When CACS asked for the records of the State of California’s expenditures last spring, Governor Brown’s office replied by calling their request so “onerous that the public interest served by not disclosing records clearly outweighs the public interest served by the disclosure of the records.” But this refusal by the Governor’s office did not dissuade the organization from pursuing transparency for the rest of the summer.

They tried again in July to request access to the government’s checkbooks, but were again denied. CACS reported in a press release that 85 percent of California government expenditure data was not reported in CALSTARS, a system designed to to serve the accounting needs of government agencies. The system was implemented in 1981, meaning that its capabilities are limited.

Sloss commented in a press release, “Sacramento is two hours away from the world’s foremost technological center, Silicon Valley. So how has our state government fall[en] so far behind? It’s embarrassing.”

Though Governor Brown’s office refused to release the State of California’s “checkbook,” other organizations and some assembly members have been responsive and helpful to their requests. Most recently, CACS released data concerning State Assembly staff pay. They found that salaries of Assembly personal staff were underreported by $2.75 million.

Thanks to help from Assemblyman Anthony Portantino, the story has caught the attention of the public at-large, and now even the Los Angeles Times and the Sacramento Bee are suing for access to the real Assembly staff pay records.

The organization has largely benefited from a strong network of blogs, media, and online pathways to disseminate its information. But word of mouth has certainly helped the organization as well, as has their endorsement from former Secretary of State George Schultz.

CACS is not done ruffling feathers. Nate Levine, Vice President and director of day-to-day operations, explained the group’s next project. “We will create an online eco-system where people can go and discuss stories that they find in the portal,” he stated, “and then it will allow them to take action by essentially writing a petition stating that they support changing that policy, and then we’ll have various action items that get triggered as the number of supporters increases.”

They hope the new forum will create a strong sense of citizen engagement and government receptiveness to the public’s concern. According to Levine, if certain amounts of citizens request action on a specific policy in the online forum, it will trigger an action item by California Common Sense, like custom analysis.

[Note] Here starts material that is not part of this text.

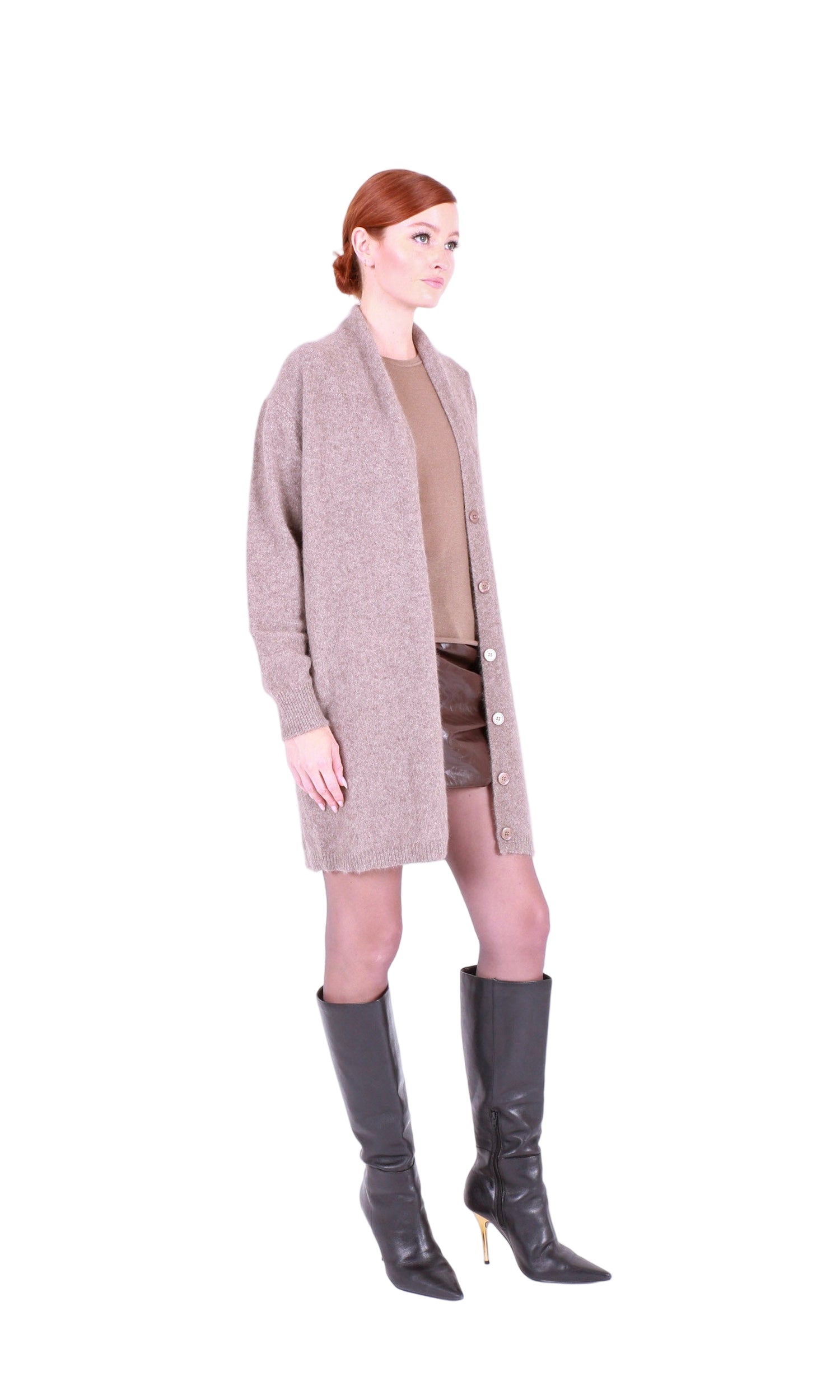 MAJESTIC FILATURES Merino Fox Midi Cardigan Brown
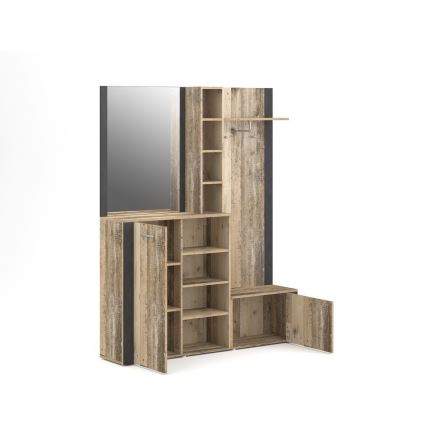 Predsobna stena KEVIN z ogledalom, rjava/črna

“This is really what Silicon Valley is about,” Levine stated, “Silicon Valley is all about developing great technology and finding ways to apply it to make revolutionary change in the world.”

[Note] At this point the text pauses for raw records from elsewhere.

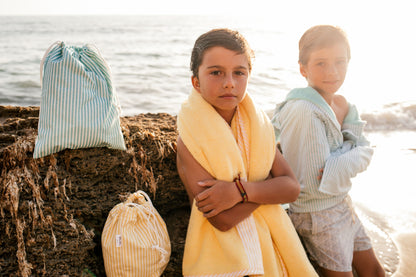 Small Bag with Striped Candle Green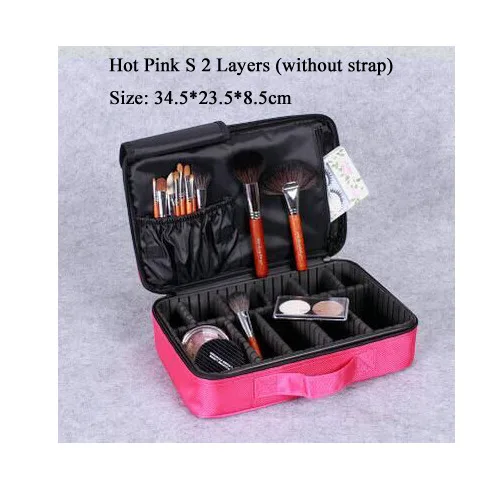 Pink 2 Layers Органайзер для макияжа Профессиональный макияж коробка художника большие сумки милый корейский чемодан кейс для косметики макияж кисти хранилище инструментов - Цвет: Pink 2 Layers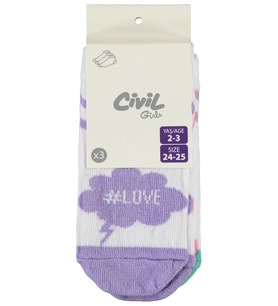 Civil Girls Motto 3'lü 2-12 Yaş Kız Patik Çorap - Standart 8-9 Yaş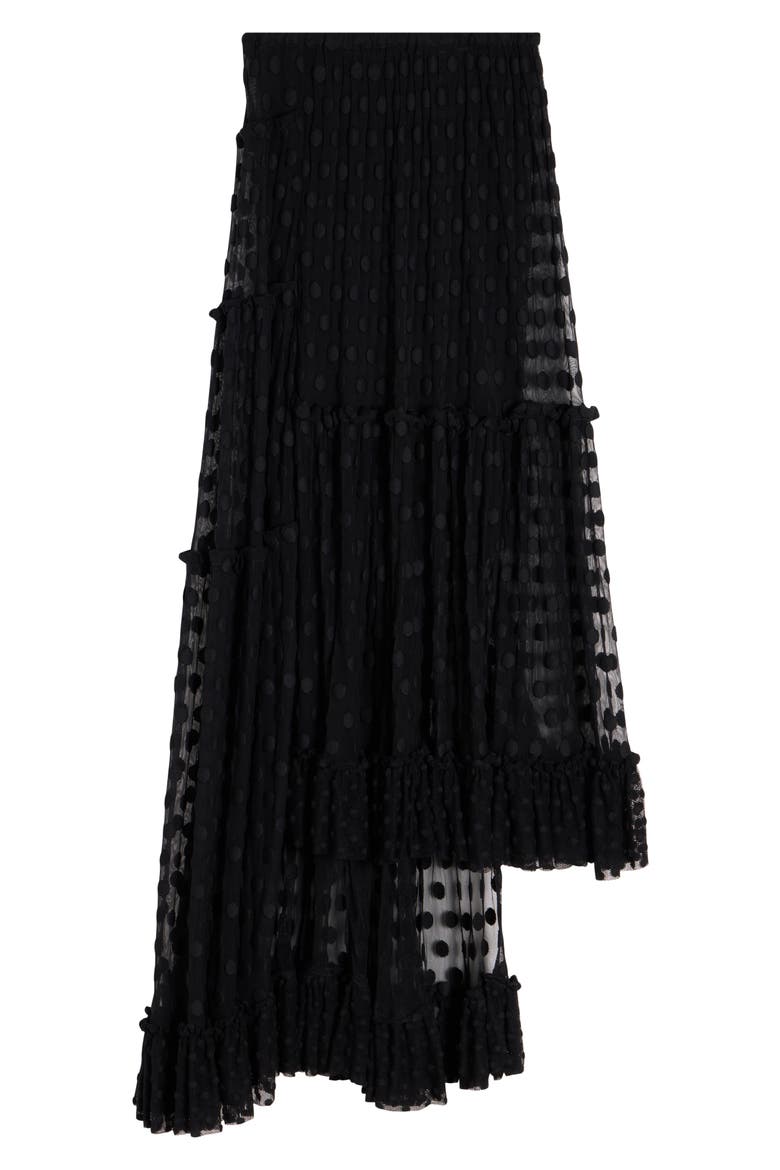 Sunia Washed Silk Mousseline Asymmetric Maxi Skirt, Alternate, color, BLACK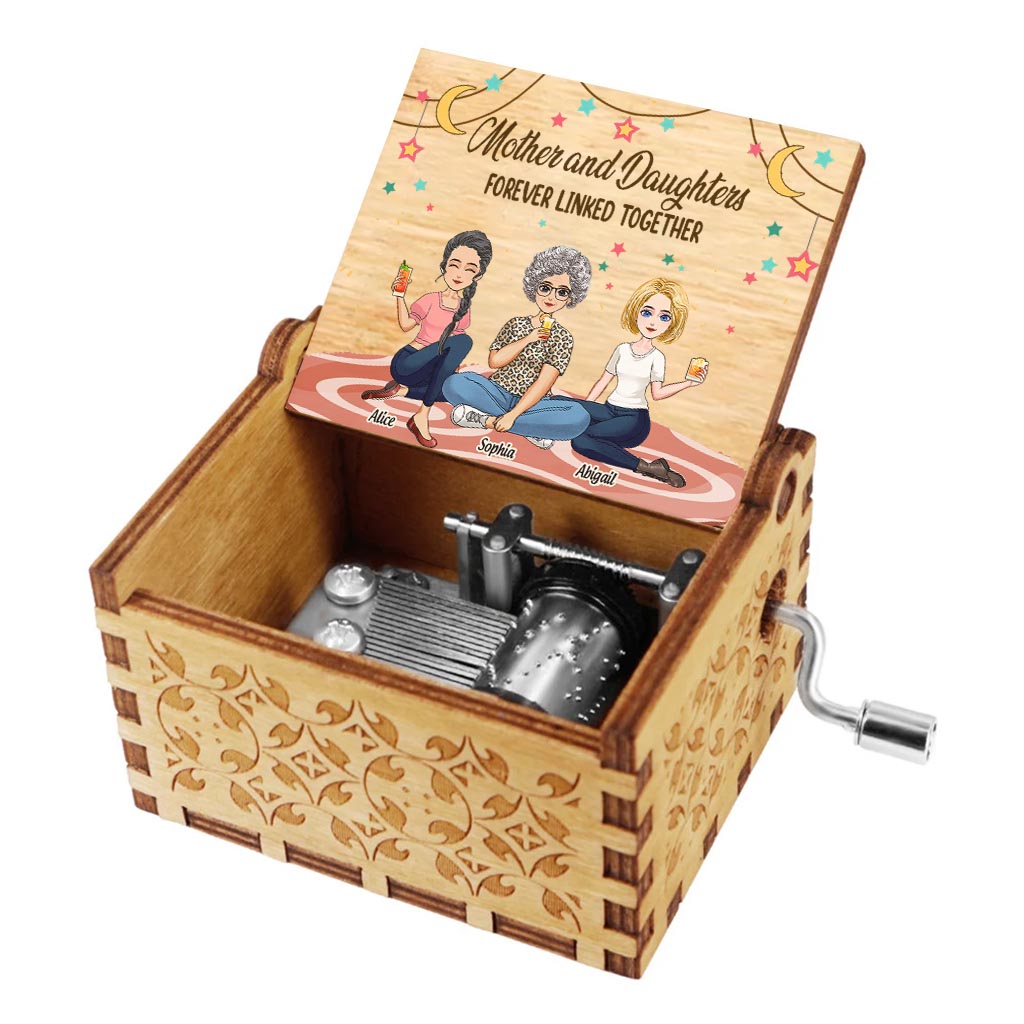Forever Linked Together - Personalized Mother's Day Mother Hand Crank Music Box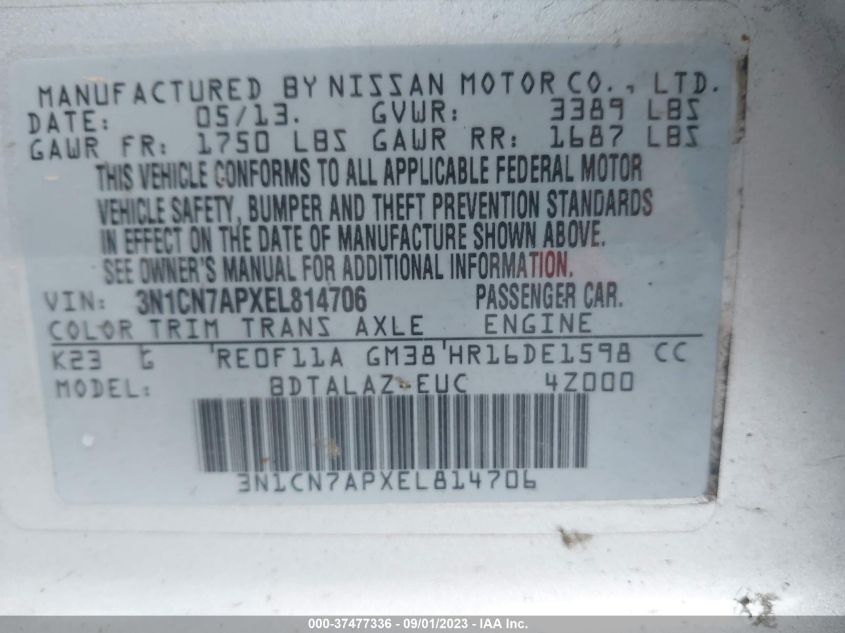 2014 NISSAN VERSA S PLUS - 3N1CN7APXEL814706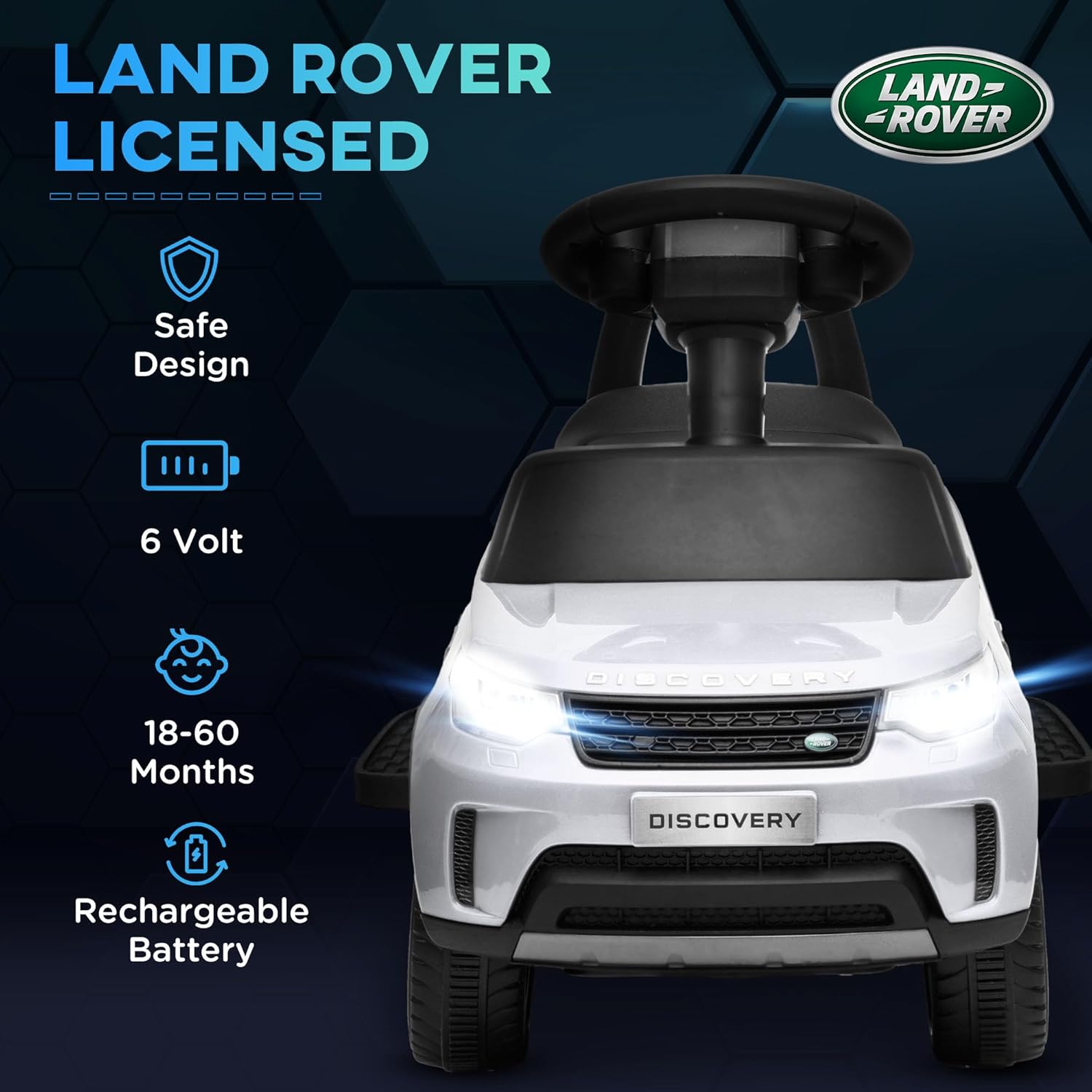Land Rover Licensed 6V Kids Electric Ride on Car, 2 in 1 Sliding Car Battery Powered Car with Headlights Music Horn, for 18-60 Months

When the group started in 2010, co-founder Matt Cook ’11 had recruited several Stanford undergraduate students to work for the agency that summer. CACS still maintains a staff largely of undergraduates or recent graduates, and they plan to continue using the Stanford network to their advantage.

Right now they are recruiting Stanford software engineers, researchers, publicists, and social media people for part-time internships or volunteer work or full-time jobs with the organization. This year two members will already be taking the year off from school to focus solely on the organization.

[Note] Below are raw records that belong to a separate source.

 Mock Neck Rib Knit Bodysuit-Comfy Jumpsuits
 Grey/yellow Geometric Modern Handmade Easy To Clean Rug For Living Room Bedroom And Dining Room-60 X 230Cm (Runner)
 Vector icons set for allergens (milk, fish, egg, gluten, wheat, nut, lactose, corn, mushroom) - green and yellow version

Sloss shared about their unique role in California politics: “I think a large part of what makes us unique is that we’re young people who are trying to work to fix our future,” stated Sloss. He also talks about taking their project to other states around the nation.

“The most important thing to see here is that we’re in a crucial time in not just California’s history but American history,” Sloss stated. He sees CACS as the “beginning of the real movement…to change fundamentally how our representative democracy is working…I call everyone to participate in whatever level they can.”